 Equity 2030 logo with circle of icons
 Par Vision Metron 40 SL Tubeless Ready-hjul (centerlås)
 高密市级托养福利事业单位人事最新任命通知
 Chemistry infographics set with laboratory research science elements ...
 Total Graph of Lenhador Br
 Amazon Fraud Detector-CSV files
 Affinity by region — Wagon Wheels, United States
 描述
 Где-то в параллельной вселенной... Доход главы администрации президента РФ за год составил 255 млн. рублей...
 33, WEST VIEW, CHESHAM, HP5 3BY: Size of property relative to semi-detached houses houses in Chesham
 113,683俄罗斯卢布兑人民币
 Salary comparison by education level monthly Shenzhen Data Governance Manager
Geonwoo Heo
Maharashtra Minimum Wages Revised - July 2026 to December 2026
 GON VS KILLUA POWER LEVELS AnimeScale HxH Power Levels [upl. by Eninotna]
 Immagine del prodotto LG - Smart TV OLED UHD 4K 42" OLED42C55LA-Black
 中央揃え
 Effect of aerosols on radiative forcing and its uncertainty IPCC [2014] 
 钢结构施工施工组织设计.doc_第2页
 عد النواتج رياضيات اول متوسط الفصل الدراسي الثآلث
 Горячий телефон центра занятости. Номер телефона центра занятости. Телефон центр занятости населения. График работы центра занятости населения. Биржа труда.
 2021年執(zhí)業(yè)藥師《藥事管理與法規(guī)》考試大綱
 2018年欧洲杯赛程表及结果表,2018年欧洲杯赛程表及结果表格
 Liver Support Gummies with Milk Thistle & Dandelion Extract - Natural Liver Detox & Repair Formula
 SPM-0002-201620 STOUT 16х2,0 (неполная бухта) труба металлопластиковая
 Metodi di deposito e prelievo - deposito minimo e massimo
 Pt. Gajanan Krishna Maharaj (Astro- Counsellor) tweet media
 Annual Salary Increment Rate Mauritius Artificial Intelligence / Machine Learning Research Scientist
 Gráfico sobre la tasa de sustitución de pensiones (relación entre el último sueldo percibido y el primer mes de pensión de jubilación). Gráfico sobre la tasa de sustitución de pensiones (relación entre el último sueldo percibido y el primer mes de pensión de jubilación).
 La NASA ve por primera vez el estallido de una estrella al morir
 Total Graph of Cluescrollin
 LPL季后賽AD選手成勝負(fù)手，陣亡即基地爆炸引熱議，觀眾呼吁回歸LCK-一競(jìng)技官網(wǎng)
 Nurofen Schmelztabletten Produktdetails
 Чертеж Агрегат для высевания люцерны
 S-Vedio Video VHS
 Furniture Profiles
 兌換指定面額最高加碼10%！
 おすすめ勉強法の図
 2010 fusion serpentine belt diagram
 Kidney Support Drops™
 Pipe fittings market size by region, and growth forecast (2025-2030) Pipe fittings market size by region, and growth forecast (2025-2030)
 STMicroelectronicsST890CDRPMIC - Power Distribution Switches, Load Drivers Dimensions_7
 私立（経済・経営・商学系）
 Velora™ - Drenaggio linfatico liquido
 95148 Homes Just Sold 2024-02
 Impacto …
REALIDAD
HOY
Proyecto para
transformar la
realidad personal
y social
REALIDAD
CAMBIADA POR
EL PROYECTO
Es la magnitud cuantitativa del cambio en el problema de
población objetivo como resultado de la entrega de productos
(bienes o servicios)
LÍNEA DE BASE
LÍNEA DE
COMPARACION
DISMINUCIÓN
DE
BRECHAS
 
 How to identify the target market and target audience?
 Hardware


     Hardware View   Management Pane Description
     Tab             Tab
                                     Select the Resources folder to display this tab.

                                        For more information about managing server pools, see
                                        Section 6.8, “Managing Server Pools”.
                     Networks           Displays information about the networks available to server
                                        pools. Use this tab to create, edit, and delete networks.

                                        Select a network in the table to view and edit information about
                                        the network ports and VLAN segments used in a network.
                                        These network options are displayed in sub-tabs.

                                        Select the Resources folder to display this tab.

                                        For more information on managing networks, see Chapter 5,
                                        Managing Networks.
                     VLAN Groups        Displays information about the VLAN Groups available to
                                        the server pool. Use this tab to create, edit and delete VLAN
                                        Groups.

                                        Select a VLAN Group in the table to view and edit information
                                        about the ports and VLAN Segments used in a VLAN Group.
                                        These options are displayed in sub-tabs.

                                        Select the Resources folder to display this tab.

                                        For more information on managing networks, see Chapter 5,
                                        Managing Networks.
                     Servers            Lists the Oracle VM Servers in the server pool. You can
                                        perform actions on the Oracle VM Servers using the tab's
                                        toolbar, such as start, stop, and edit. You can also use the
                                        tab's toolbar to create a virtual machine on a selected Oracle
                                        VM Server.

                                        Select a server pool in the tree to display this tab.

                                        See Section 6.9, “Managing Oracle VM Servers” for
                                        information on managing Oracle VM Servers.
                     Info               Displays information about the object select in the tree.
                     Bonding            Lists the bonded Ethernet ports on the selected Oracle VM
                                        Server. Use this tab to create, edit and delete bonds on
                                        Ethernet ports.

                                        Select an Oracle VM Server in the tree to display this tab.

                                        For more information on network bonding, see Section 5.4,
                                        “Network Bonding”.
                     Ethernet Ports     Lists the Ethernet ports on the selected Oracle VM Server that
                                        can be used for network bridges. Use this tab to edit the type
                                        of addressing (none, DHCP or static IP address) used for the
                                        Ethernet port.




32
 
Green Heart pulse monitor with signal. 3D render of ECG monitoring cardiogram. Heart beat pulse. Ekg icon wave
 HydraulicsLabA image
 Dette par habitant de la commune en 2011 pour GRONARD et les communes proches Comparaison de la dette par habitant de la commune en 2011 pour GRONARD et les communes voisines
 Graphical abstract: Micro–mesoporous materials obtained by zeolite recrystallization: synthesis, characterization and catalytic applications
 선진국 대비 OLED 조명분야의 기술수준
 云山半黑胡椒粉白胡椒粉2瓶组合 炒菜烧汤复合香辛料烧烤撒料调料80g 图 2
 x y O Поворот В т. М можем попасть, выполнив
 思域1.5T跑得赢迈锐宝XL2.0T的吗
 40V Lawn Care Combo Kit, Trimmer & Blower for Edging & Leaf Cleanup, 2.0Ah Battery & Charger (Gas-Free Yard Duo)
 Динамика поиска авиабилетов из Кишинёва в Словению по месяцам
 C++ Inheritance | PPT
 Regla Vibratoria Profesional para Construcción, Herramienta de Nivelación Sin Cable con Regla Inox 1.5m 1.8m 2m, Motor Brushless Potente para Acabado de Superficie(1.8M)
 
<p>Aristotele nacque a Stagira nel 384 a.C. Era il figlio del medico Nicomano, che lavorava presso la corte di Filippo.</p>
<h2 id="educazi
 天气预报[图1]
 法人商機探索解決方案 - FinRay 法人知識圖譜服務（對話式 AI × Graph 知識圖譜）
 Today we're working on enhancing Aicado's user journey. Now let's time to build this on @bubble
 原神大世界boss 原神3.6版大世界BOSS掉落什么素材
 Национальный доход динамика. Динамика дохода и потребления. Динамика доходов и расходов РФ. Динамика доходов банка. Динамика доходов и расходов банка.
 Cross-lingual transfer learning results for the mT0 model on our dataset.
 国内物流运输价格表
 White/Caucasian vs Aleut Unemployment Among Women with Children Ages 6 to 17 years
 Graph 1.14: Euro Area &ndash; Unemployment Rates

### [WHAT YOU HAVE TO DO]
From the records above, copy each line where the word "OLED" can be found.

### [SOLVED PROBLEM]
 Immagine del prodotto LG - Smart TV OLED UHD 4K 42" OLED42C55LA-Black
 선진국 대비 OLED 조명분야의 기술수준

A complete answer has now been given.